Resortecs has the patent for two other innovations. First, there are the stitching threads, Smart StitchTM, which fashion brands and manufacturers can buy to sew their garments together.

Then there are the ovens, Smart DisassemblyTM, used to dismantle end-of-life goods made with the threads. The ovens are effective at an industrial scale, preserving heat and recovering energy in a closed-loop system.

Getting their products to fashion brands

Resortecs’ proceeds from the stitching threads cover the disassembly costs, so sorters and recyclers don’t have to pay to operate the ovens. Fashion brands own the disassembled material, such as high-quality cotton or polyester, which are increasingly in demand.

They can sell the material to the recyclers or reuse it themselves in brand new garments.

Fashion brands never really had to deal with sorters or recyclers before.

Now, as  global economies transition from linear to circular, they are increasingly receptive to Resortecs’ products and expertise.

According to Rawaa, “brands are not circular savvy. They know about sustainability, and can manage materials, but they haven’t managed supply chains up until now.

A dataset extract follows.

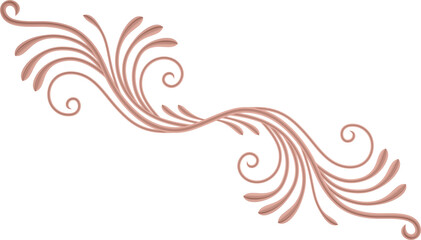 Fototapeta premium 3D rendering of a curved branch with leaves of different sizes on a transparent background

So while Resortecs’ idea—threads that melt—seems so simple, the potential impact on the value chain is huge. Resortecs is the missing link in the circle. As Cédric notes, “it is really a supply chain risk management tool more than a stitching thread.”

Textile waste consumes enormous quantities of raw materials and water, uses hazardous chemicals, and generates up to 10% of global greenhouse emissions.

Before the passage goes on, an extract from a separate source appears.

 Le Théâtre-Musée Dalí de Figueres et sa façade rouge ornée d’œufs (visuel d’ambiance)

An externally reviewed life cycle assessment showed that adopting Resortecs’ solution and coupling it with effective recycling can lower a denim garment’s CO2 footprint by up to 50%. For every pair of jeans that is recycled and made into a new one, water use can be reduced by about 3 000 litres.

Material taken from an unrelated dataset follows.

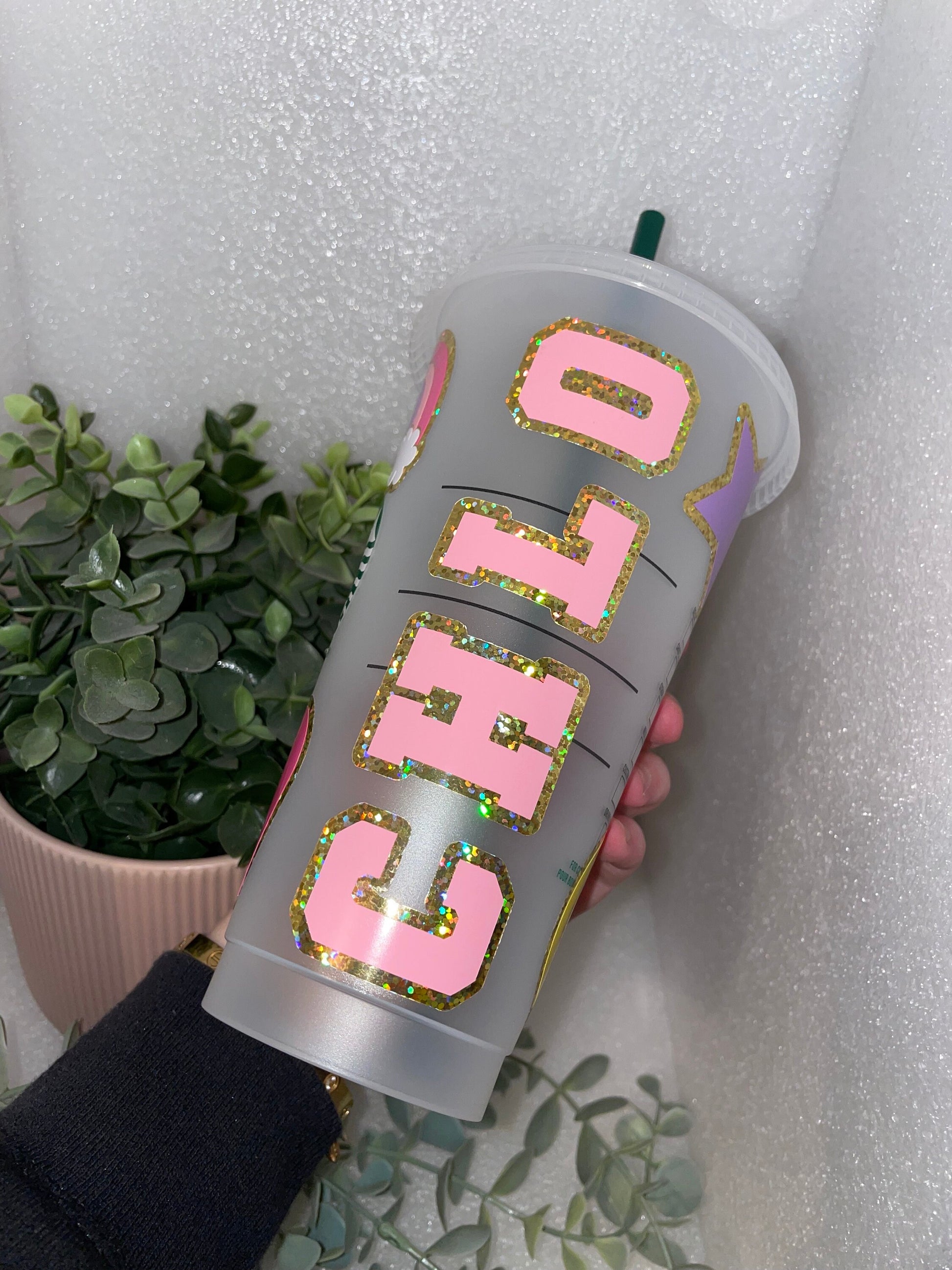 GLITTER PATCH STYLE Cold Cup | Personalised Starbucks Tumbler | Cute Preppy Custom Iced Coffee Cup | Retro Y2K Funky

Resortecs was one of the 2022 finalists in the European Investment Bank Institute’s Social Innovation Tournament, which supports entrepreneurs making a social, ethical or environmental impact.

>@Resortecs
© Resortecs

Smart DisassemblyTM

Expanding collaboration with famous fashion brands

Inditex produced a denim collection with Resortecs threads for the Bershka brand in the summer of 2022.

Laura Dominguez, a designer for Bershka, says that “starting the design process already thinking of the second life of our product, as well as having the chance to work with innovative techniques and materials, is a very challenging process. We are really liking the results with Resortecs.”

Also in 2022, Resortecs worked with Decathlon’s Wedze on recyclable ski jackets, which are particularly complex, multi-material garments.

This year and in 2024 the company is scaling up, discussing off-take agreements with other major fashion players looking to implement its process at scale­­­­.

By 2040, Resortecs hopes to help reduce CO2 emissions by 40 billion metric tons. The start-up’s ultimate goal, says Cédric, is nothing less than “to become the new benchmark in the fashion industry.”